Parfois qualifiés de voyous, de racailles, voire animalisés par l’extrême droite et la droite qui parlent d’ensauvagement d’une partie de la société, les habitant·es des quartiers populaires n’ont cessé d’être stigmatisés ces dernières années. Ils sont maintenant ignorés.
Plusieurs alertes ont pourtant été lancées : par les habitant·es, par les associations ou par les élu·es. Et trop de drames se sont produits. A la suite des révoltes urbaines de l’été 2023 ayant fait suite à la mort de Nahel Merzouk, la seule réponse du gouvernement a été répressive et autoritaire, ignorant totalement la demande de justice et d’égalité qui s’exprimait alors. L’ordre républicain au lieu de la promesse républicaine. Mais force est de constater qu’aujourd’hui, la République est loin de «donner à chaque jeune les mêmes chances de réussir, quel que soit son lieu de naissance, son nom ou son milieu social», à rebours des engagements du président de la République.
Le désengagement de l’Etat pour la politique de la ville
Dans ce contexte de mépris, et alors que les inégalités sociales et environnementales s’accentuent et frappent de plein fouet les plus fragiles, le silence du gouvernement est assourdissant. En ne désignant pas de ministre pour s’occuper de ces enjeux cruciaux, le message est clair : les habitant·es des quartiers populaires sont secondaires.

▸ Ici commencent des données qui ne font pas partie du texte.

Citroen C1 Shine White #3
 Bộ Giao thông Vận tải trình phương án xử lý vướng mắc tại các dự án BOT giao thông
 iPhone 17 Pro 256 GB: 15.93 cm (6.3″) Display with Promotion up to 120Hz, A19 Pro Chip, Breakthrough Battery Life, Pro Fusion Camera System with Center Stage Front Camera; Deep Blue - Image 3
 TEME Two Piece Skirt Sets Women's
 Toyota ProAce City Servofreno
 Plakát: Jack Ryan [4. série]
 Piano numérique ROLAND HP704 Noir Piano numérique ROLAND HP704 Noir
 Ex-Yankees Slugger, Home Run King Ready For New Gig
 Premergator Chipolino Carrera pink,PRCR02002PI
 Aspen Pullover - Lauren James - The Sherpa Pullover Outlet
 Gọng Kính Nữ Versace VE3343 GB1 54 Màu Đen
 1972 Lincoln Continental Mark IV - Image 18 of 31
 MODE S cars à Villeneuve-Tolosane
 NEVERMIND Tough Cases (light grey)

Une tendance qui s’inscrit dans la durée. Le désengagement de l’Etat pour la politique de la ville étant à l’œuvre depuis 2017, avec le détricotage des services publics et une baisse continue du soutien aux associations et structures qui agissent chaque jour sur le terrain. Face à cette situation, les élu·es locaux et le monde associatif sont restés mobilisés, portant à bout de bras une action publique forte, indispensable dans les quartiers populaires. Mais l’inquiétude est immense actuellement. La composition du gouvernement est loin de représenter le vote des quartiers populaires, abîmant un peu plus la démocratie. Les budgets sont encore annoncés à la baisse, les emplois adultes-relais sont gelés ou supprimés, l’horizon semble encore s’assombrir pour les plus fragiles d’entre nous.
Monsieur le Président, monsieur le Premier ministre, les habitant·es des quartiers populaires méritent notre attention et notre solidarité nationale. L’égalité des devoirs mais aussi l’égalité des droits doivent tout autant exister pour tous et toutes partout sur nos territoires. Soyons fidèles à notre devise nationale. Il est temps de prendre la mesure de l’urgence sociale qui se joue dans les quartiers. Les élus locaux, les associations, les habitant·es ont besoin d’un soutien clair et affirmé.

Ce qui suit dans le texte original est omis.